Easter reflections: Johnny Cash, the pope and St. Paul

Happy Easter everyone!

 

By Joel Davidson

 

In March, more than six and a half years after his body was buried in the Tennessee dirt, Johnny Cash’s final studio album was released. The first words thunder like a ghost from beyond the tomb: “Ain’t no grave can hold my body down.” That line was recorded when Johnny had only weeks left to live and the song has now fittingly hit music stores on the cusp of Christianity’s greatest celebration. In recording the final tunes of his illustrious career, Johnny did so in a bent and broken body — swollen with arthritis and nearly blind. Yet, his last songs reflect the faith that he shares with St. Paul and with Christians everywhere.

 

“If Christ has not been raised, our preaching is in vain and your faith is in vain,” St. Paul wrote to the Corinthian church. “If for this life only we have hoped in Christ, we are of all men most to be pitied.” St. Paul penned these words to defend the reality of the physical resurrection of Jesus of Nazareth. In essence, he was saying that if the grave consumed Christ, Christianity was, at best, a sad and empty hope. We see death and destruction all about, this is true. Given enough time, we experience our bodies failing, sagging, increasingly aching – all harbingers of a stark and relentlessly-approaching reality. “Indeed, one of the questions that most preoccupies men and women is this: what is there after death?” Pope Benedict XVI said in his 2009 Easter message to the world. The church has always had an answer for this urgent question, an answer which, as the pope says, “is not based on simple human reasoning, but on a historical fact.” Jesus rose again from the grave “so that we, though destined to die, should not despair, worrying that with death life is completely finished.”

 

As Christians, we believe Christ rescued us from a terrible fate that we could never avoid on our own.
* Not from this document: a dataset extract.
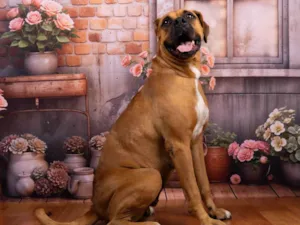 Cachorro raça SRD-ViraLata idade 4 anos nome Meredith 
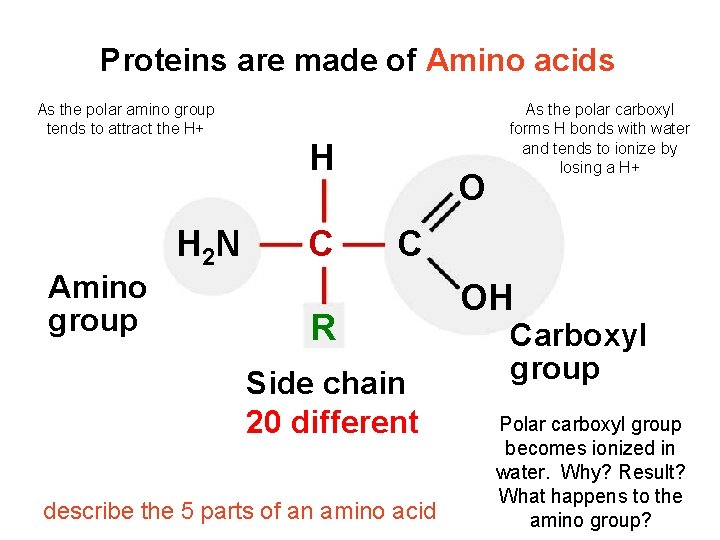 Proteins are made of Amino acids Proteins are made of Amino Acids As the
We live in a world that blushes at talk of empty tombs, miracles, resurrection and ascension. Instead, we see great emphasis on anti-aging creams, bodily therapies and an assortment of surgeries, replacements and fitness programs, all claiming to delay the inevitable. Because, without the resurrection, the inevitable is too hard and too final to accept. But as Christians we do not believe that the universe is merely a mechanical and impersonal movement of random forces and meaningless events. Rather, we believe in a world that was, at one time, created and later redeemed by God.

 

To return to the words of Pope Benedict, “Ever since the dawn of Easter a new Spring of hope has filled the world; from that day forward our resurrection has begun, because Easter does not simply signal a moment in history, but the beginning of a new condition: Jesus is risen not because his memory remains alive in the hearts of his disciples, but because he himself lives in us, and in him we can already savor the joy of eternal life.” The pope concludes: “The resurrection, then, is not a theory, but a historical reality … is neither a myth nor a dream, it is not a vision or a utopia, it is not a fairy tale, but it is a singular and unrepeatable event: Jesus of Nazareth, son of Mary, who at dusk on Friday was taken down from the Cross and buried, has victoriously left the tomb.” For this reason we can all sing along: “Ain’t no grave can hold my body down.”